Task> From the data below, return the exact lines starting at the line containing "Anello treccia in argento da uomo" and ending at the line containing "Niki bebek zincir", both included, and nothing else.
╭─ Data in this exercise
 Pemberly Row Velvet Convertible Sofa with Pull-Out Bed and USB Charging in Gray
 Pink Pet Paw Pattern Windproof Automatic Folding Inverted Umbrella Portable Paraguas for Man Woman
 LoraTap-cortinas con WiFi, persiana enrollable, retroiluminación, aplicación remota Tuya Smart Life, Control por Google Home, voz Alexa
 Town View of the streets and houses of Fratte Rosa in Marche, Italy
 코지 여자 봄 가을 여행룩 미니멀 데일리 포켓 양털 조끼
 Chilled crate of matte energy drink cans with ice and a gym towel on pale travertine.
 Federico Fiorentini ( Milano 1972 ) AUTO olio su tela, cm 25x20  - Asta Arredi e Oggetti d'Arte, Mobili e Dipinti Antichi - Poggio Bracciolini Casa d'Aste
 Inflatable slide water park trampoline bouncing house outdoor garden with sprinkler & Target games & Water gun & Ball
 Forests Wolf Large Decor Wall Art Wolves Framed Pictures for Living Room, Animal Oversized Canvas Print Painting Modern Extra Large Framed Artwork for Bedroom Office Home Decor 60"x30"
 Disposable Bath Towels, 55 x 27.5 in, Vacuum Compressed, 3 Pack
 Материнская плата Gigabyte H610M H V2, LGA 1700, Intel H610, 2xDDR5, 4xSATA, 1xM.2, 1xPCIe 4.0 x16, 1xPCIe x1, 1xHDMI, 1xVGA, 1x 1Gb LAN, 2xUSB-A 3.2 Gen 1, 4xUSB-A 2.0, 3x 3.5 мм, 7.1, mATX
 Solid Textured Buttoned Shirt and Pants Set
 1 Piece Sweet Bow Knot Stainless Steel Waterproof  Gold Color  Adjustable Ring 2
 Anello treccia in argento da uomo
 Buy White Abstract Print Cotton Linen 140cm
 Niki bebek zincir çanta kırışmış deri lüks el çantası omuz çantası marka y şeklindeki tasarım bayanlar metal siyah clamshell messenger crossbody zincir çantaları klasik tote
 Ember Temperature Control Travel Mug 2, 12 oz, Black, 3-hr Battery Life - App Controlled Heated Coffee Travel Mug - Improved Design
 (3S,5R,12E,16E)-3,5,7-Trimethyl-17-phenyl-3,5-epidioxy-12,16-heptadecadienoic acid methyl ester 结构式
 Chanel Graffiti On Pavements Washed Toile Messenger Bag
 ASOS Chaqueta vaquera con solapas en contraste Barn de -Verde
╰─
Answer to the problem>
 Anello treccia in argento da uomo
 Buy White Abstract Print Cotton Linen 140cm
 Niki bebek zincir çanta kırışmış deri lüks el çantası omuz çantası marka y şeklindeki tasarım bayanlar metal siyah clamshell messenger crossbody zincir çantaları klasik tote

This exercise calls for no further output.